# Instant or regular oatmeal?



## alyssinreality (Jan 18, 2012)

What is the difference between instant and regular oatmeal? I read not to use instant for an oatmeal bath. I have this container of oatmeal that says 100% Whole Grain Oats and underneath it says Quick-Cooks in 1 minute.

Does this mean it is instant? And why does it matter for his bath?
It is just plain, no flavoring. All the ingredients say is whole grain rolled oats. Wouldn't it still squish up in a sock and make the water cloudy like it is supposed to?

Diggory is going through some extra bad dry skin right now, probably due to 12 week quilling starting soon, and the flaxseed oil alone isn't cutting it.


----------



## CoxMD (Apr 30, 2010)

The "faster" the oatmeal on the label, the smaller the grain has been rolled.That's why it cooks faster. It really shouldn't matter what kind you use for baths, but I think the instant or quick kind would give you more oatmeal in the water.


----------



## stringmouse (Feb 3, 2012)

I think what you really have to do is avoid any of the _flavored_ oatmeals.

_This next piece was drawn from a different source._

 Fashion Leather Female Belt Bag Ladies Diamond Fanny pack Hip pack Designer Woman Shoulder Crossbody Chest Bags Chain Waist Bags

I don't think instant vs regular makes that big of a difference.


----------



## Nancy (Aug 22, 2008)

Regular is what's usually recommended. The instant goes kind of sticky sometimes. I've used both though.


----------



## GoodandPlenty (Feb 4, 2012)

I've wondered about this also but assumed that rolled oats are what people mean. 'Regular' oats, which to me is 'steel cut' or 'Irish' oats (which is what I eat) take no less than 20 - 25 minutes to soften and cook. In just warm water, wouldn't it take them a long time to release the goodness?


----------